*Exercise goal*
Transcribe every line below exactly; no image goes into the output.

*Data records*
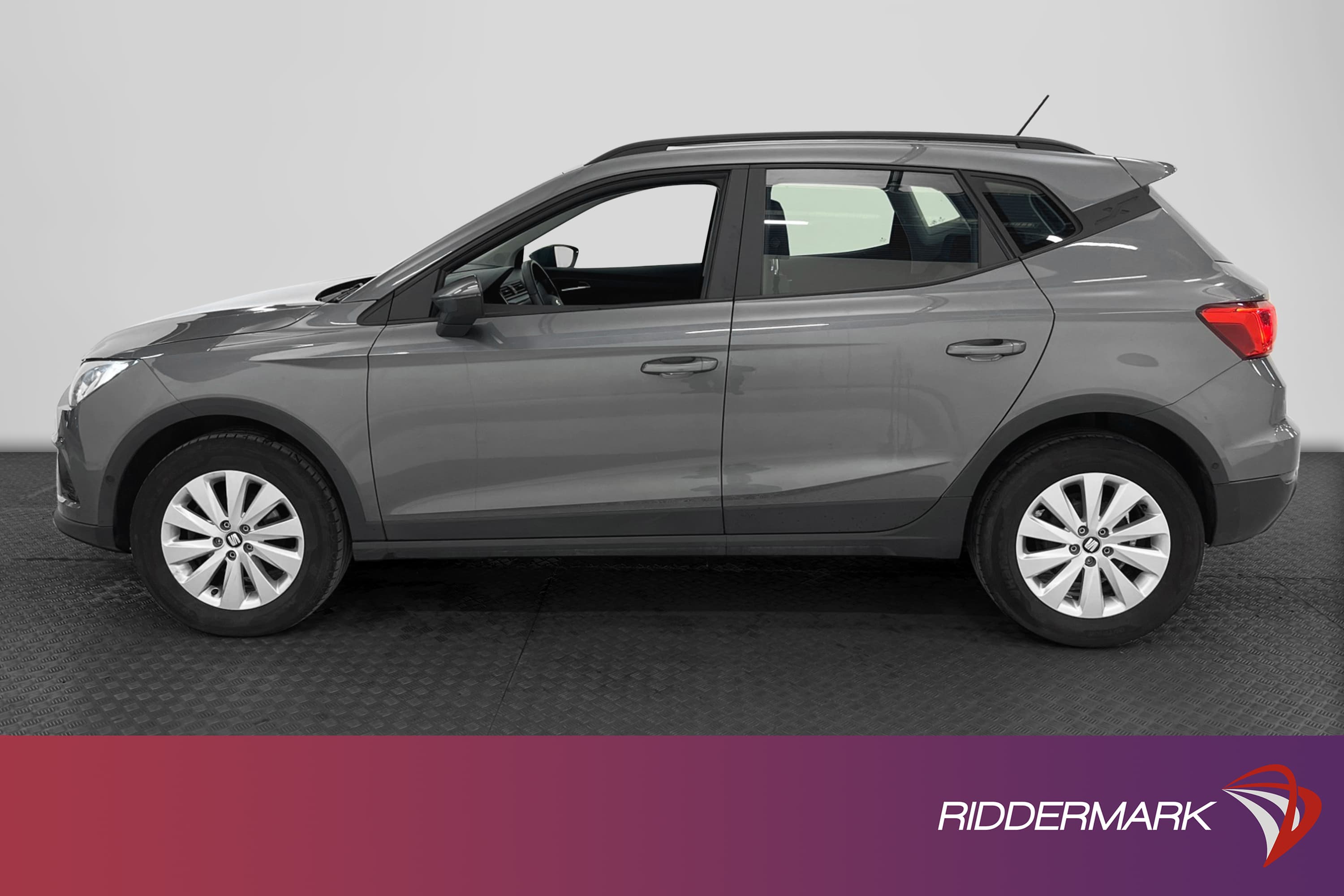 SEAT Arona 1.0 TSI 95hk Carplay PDC 360kr Skatt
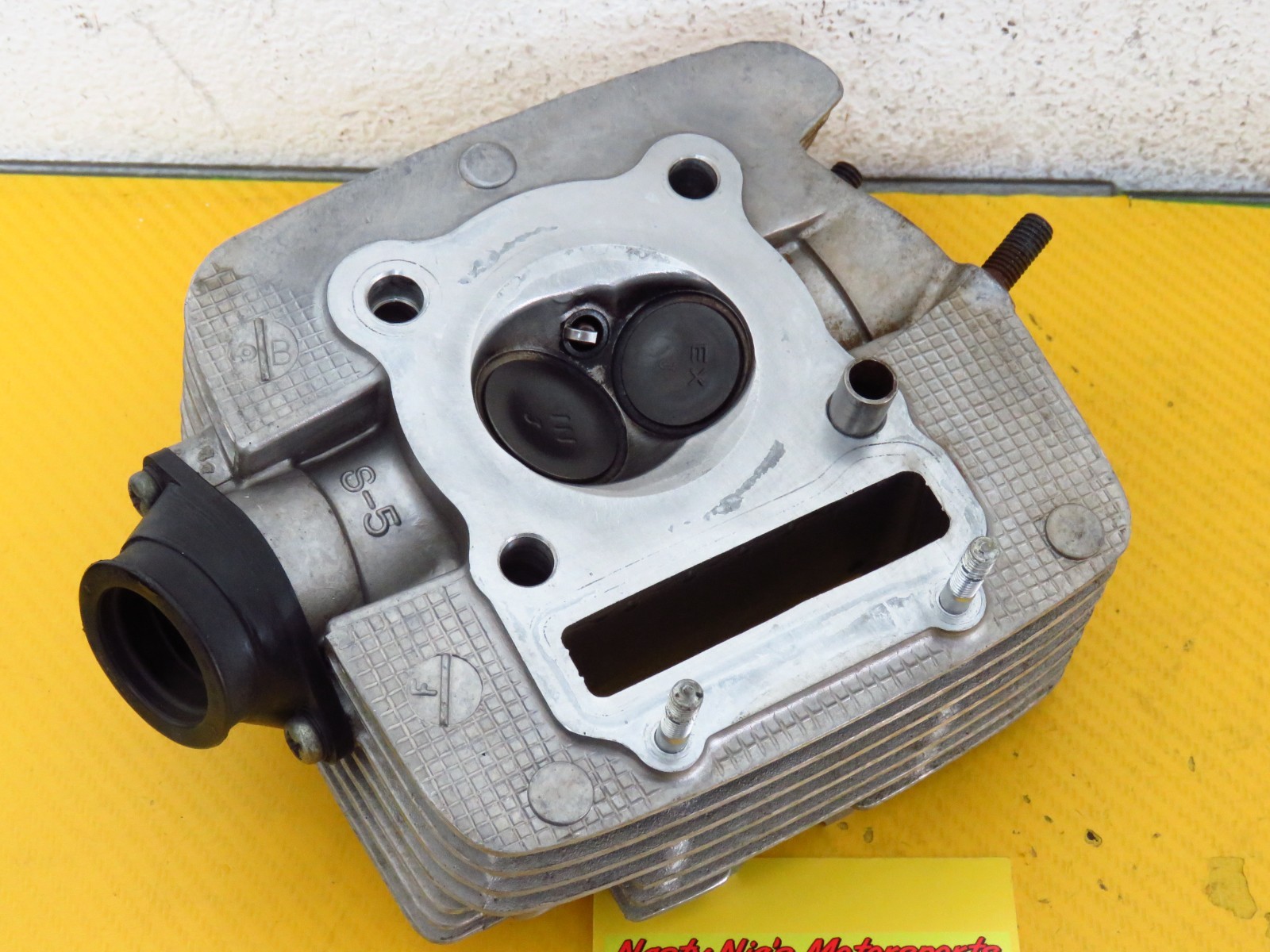 1983 SUZUKI LT125 OEM VALVE HEAD valves cylinder head GOOD SHAPE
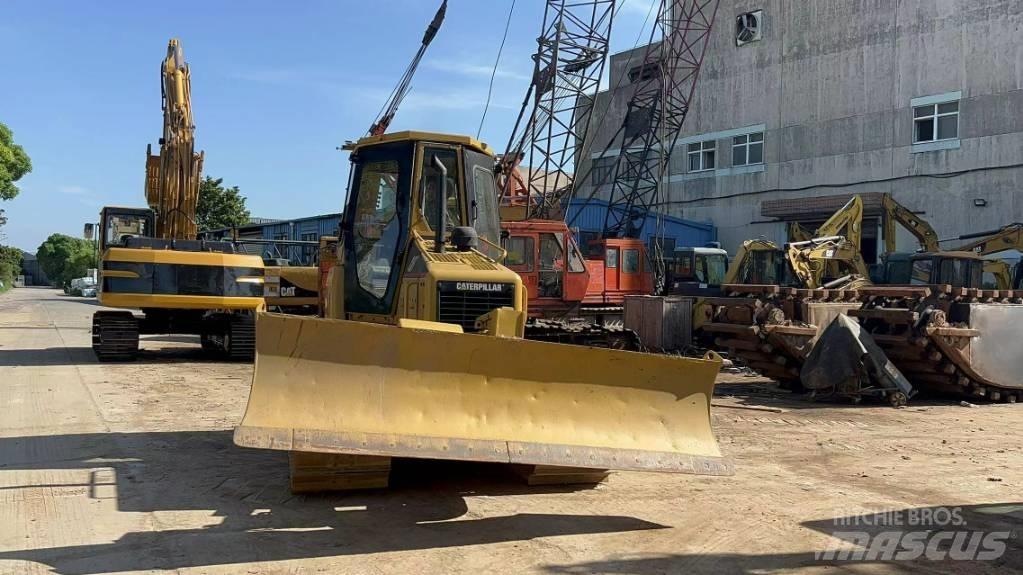 CAT D5G LGP Buldožeri guseničari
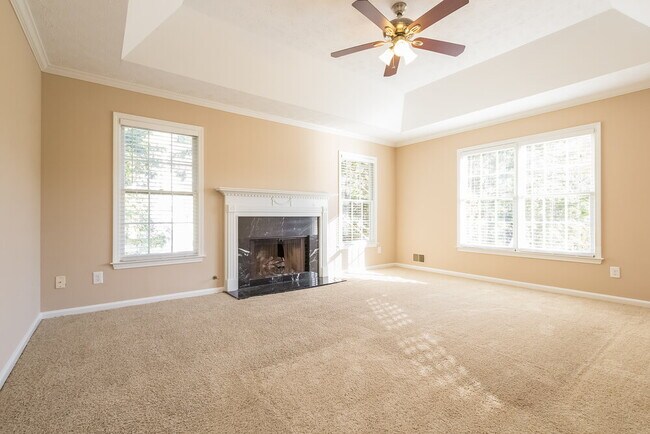 Photo - 1484 Glenfield Dr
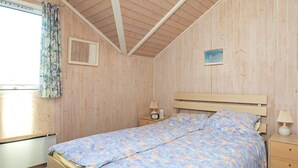 Room - Cosy Holiday Home in Zealand With Whirlpool (Kalundborg)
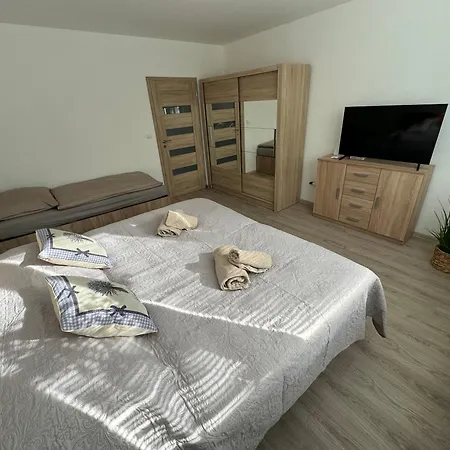 Lupa Apartment *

*Task answer*
 SEAT Arona 1.0 TSI 95hk Carplay PDC 360kr Skatt
 1983 SUZUKI LT125 OEM VALVE HEAD valves cylinder head GOOD SHAPE
 CAT D5G LGP Buldožeri guseničari
 Photo - 1484 Glenfield Dr
 Room - Cosy Holiday Home in Zealand With Whirlpool (Kalundborg)
 Lupa Apartment *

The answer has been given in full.